▶ [PROMPT]:
Could you set down every entry exactly as it stands, without the images?

▶ [RECORDED INFORMATION]:
-------------------------
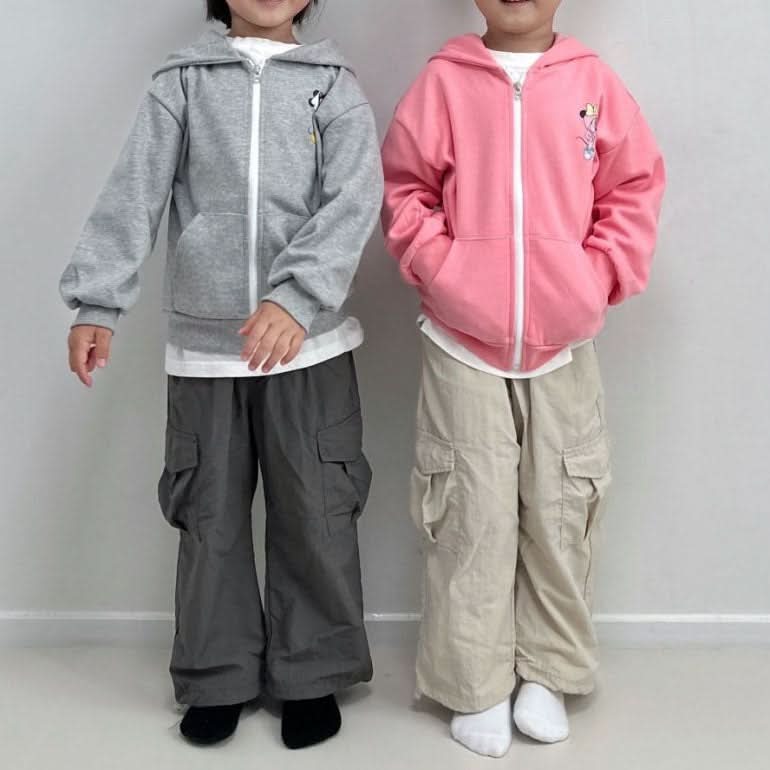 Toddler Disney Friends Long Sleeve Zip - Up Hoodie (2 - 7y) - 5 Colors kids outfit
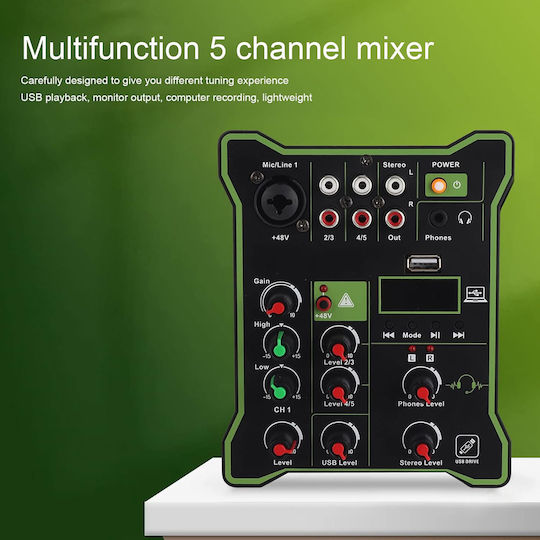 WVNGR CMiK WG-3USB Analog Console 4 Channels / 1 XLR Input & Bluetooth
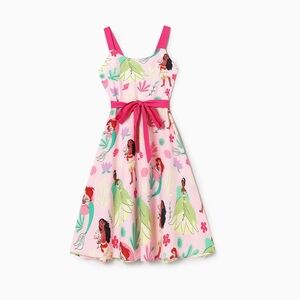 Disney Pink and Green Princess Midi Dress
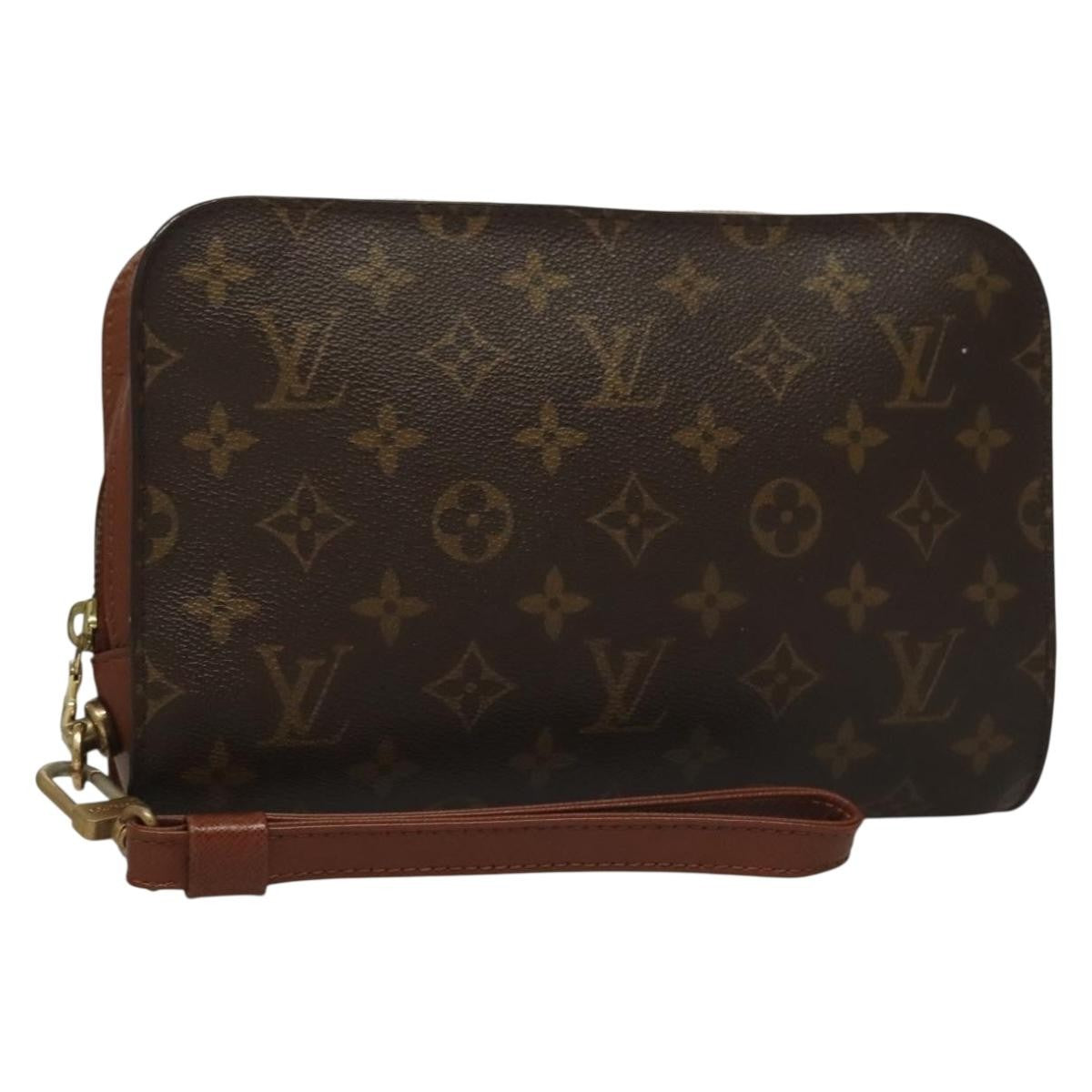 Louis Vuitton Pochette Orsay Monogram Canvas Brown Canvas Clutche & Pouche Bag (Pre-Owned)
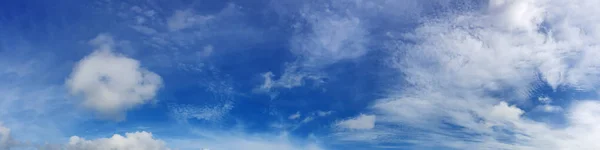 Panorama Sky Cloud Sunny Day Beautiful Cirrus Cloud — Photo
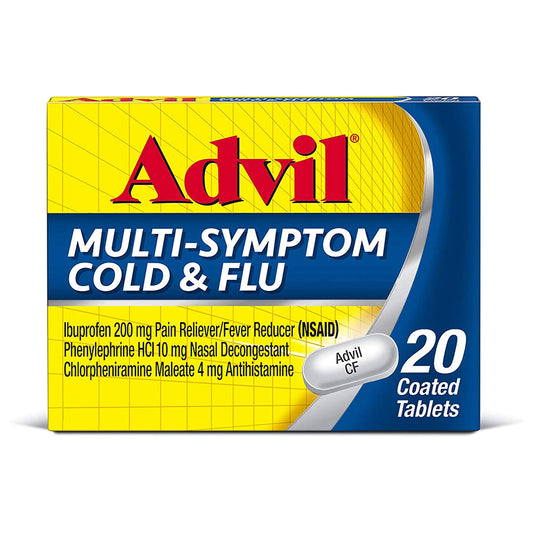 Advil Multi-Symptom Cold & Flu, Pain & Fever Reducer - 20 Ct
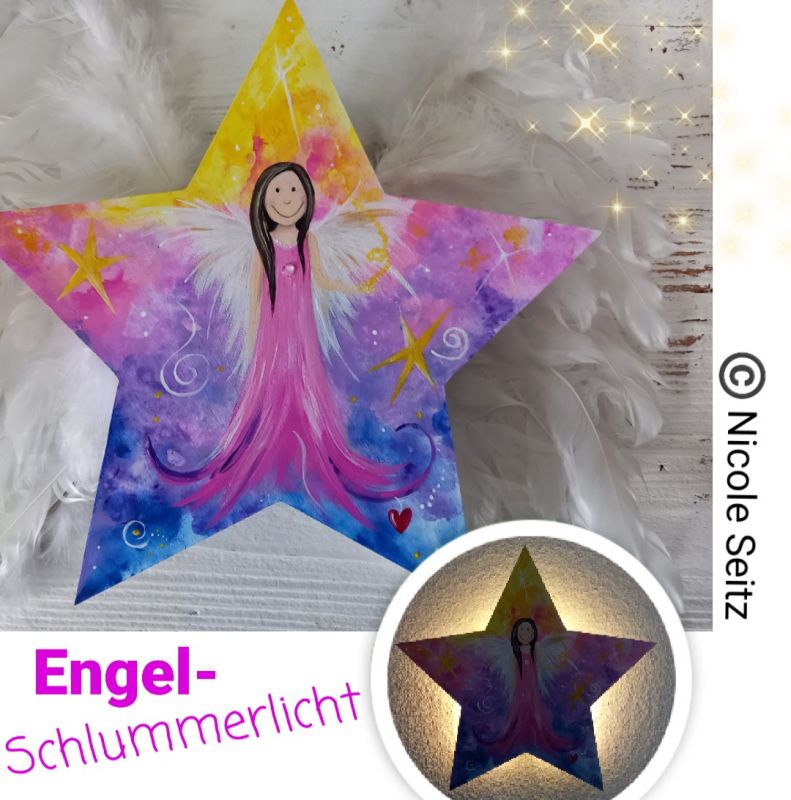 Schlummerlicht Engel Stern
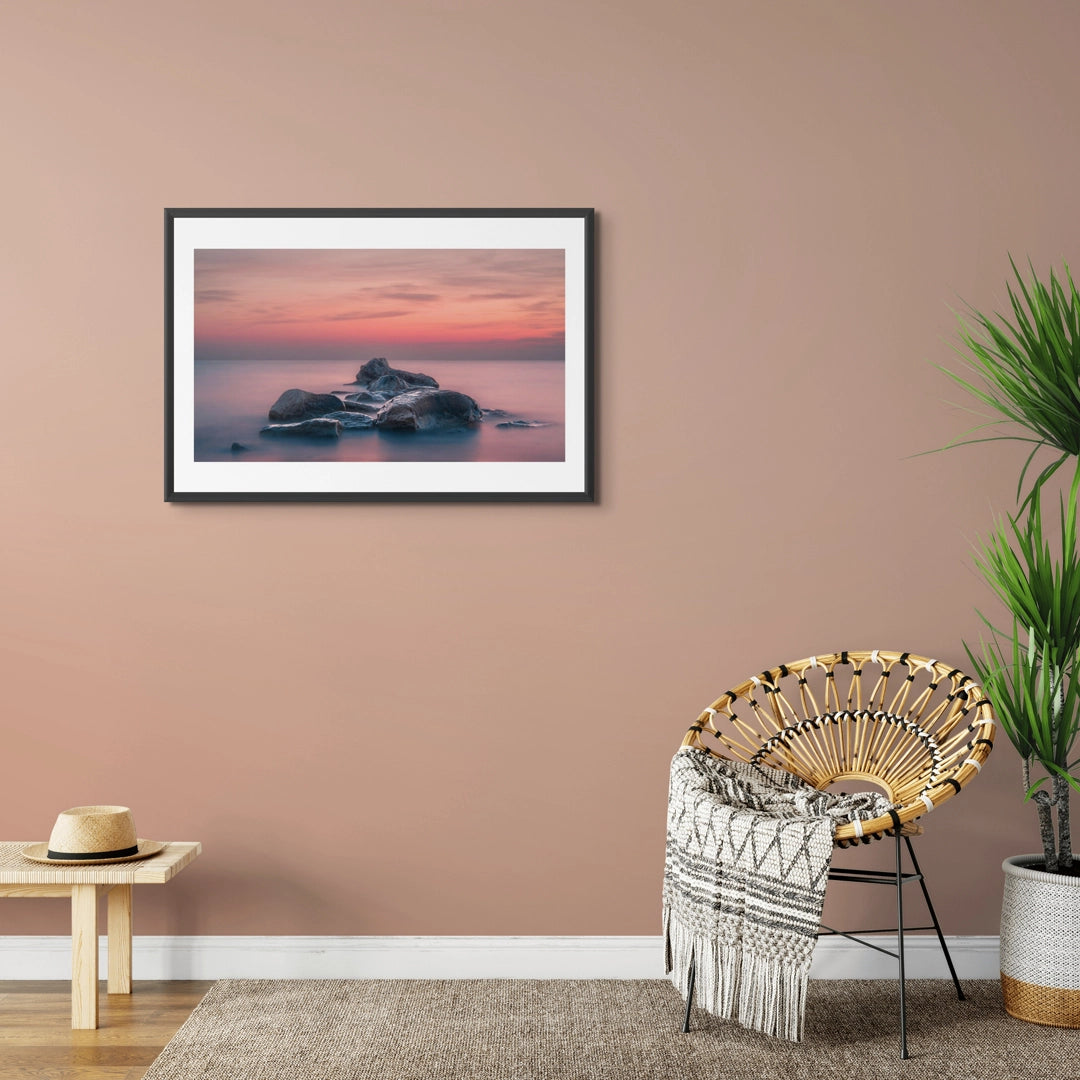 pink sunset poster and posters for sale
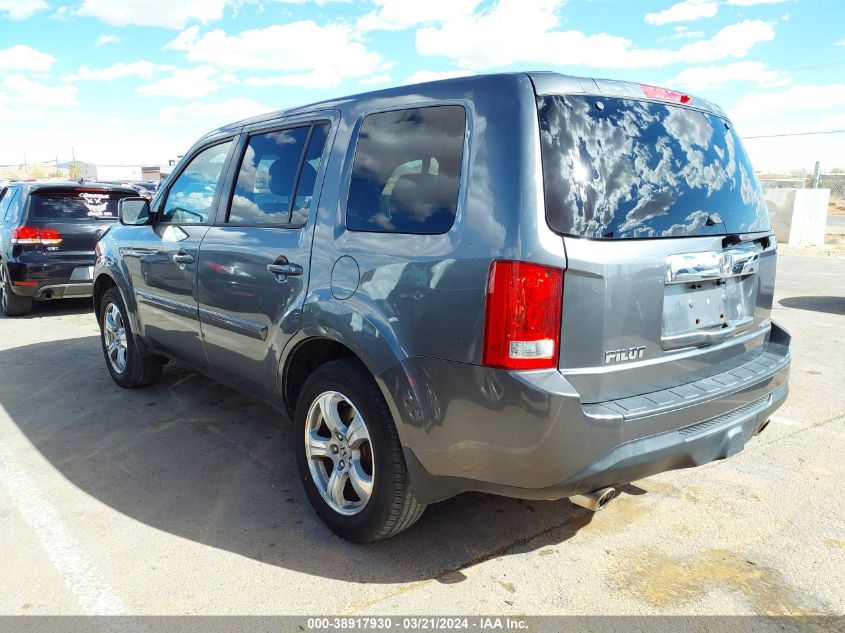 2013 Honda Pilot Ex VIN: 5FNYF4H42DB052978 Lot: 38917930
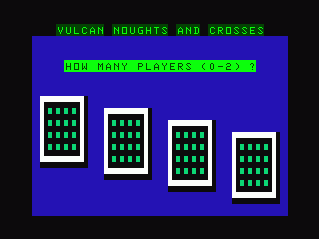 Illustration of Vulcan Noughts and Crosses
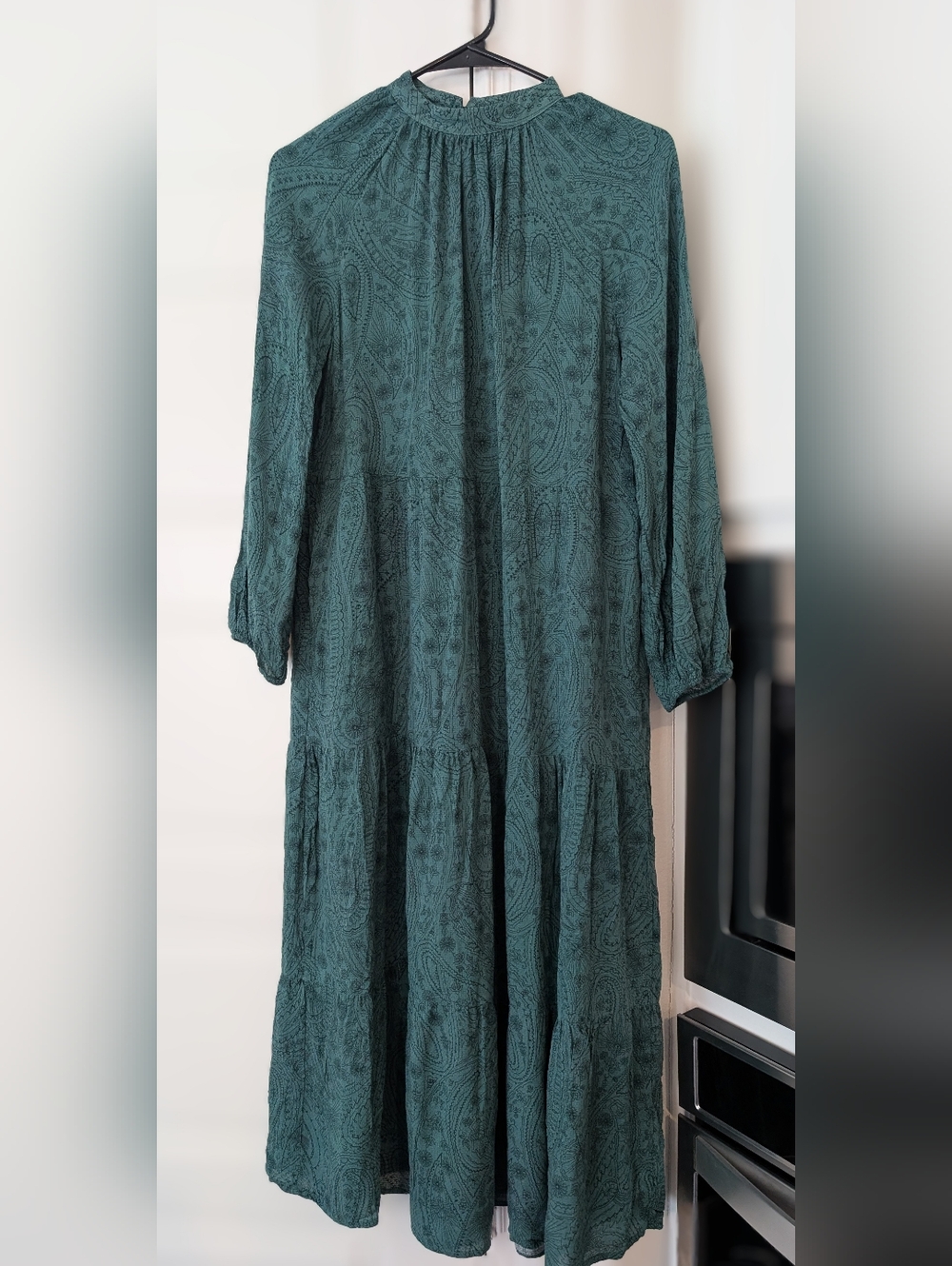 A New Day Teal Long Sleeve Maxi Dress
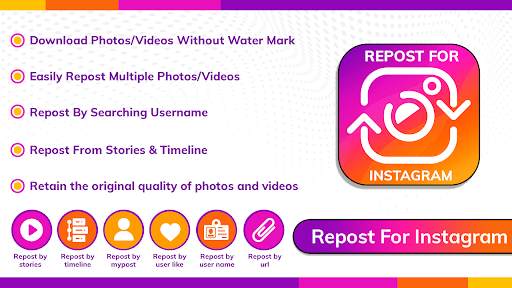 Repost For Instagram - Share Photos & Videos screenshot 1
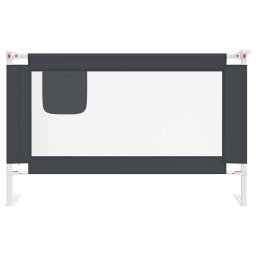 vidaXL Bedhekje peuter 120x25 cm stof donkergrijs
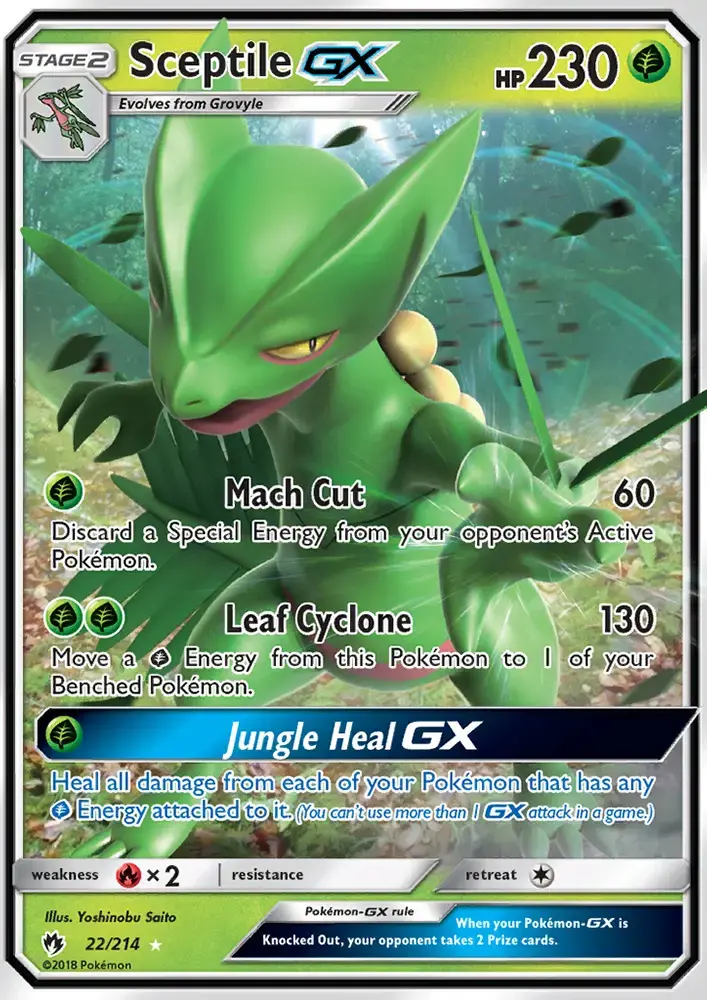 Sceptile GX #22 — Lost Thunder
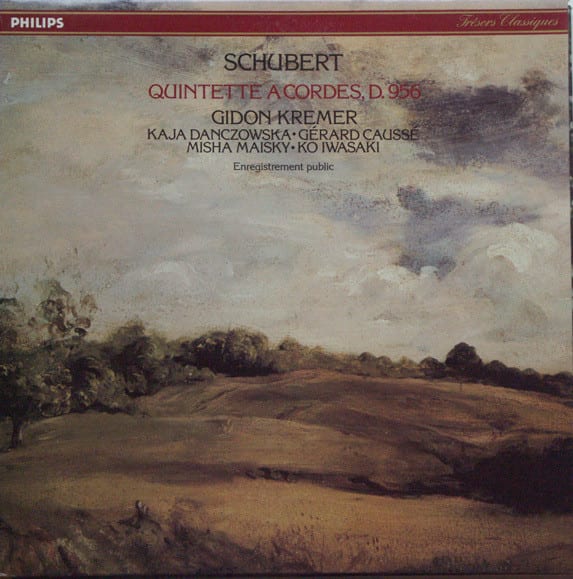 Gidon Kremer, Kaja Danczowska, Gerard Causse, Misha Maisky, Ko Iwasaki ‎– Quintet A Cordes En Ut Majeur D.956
-------------------------
▶ [RESULT OF THE TASK]:
 Toddler Disney Friends Long Sleeve Zip - Up Hoodie (2 - 7y) - 5 Colors kids outfit
 WVNGR CMiK WG-3USB Analog Console 4 Channels / 1 XLR Input & Bluetooth
 Disney Pink and Green Princess Midi Dress
 Louis Vuitton Pochette Orsay Monogram Canvas Brown Canvas Clutche & Pouche Bag (Pre-Owned)
 Panorama Sky Cloud Sunny Day Beautiful Cirrus Cloud — Photo
 Advil Multi-Symptom Cold & Flu, Pain & Fever Reducer - 20 Ct
 Schlummerlicht Engel Stern
 pink sunset poster and posters for sale
 2013 Honda Pilot Ex VIN: 5FNYF4H42DB052978 Lot: 38917930
 Illustration of Vulcan Noughts and Crosses
 A New Day Teal Long Sleeve Maxi Dress
 Repost For Instagram - Share Photos & Videos screenshot 1
 vidaXL Bedhekje peuter 120x25 cm stof donkergrijs
 Sceptile GX #22 — Lost Thunder
 Gidon Kremer, Kaja Danczowska, Gerard Causse, Misha Maisky, Ko Iwasaki ‎– Quintet A Cordes En Ut Majeur D.956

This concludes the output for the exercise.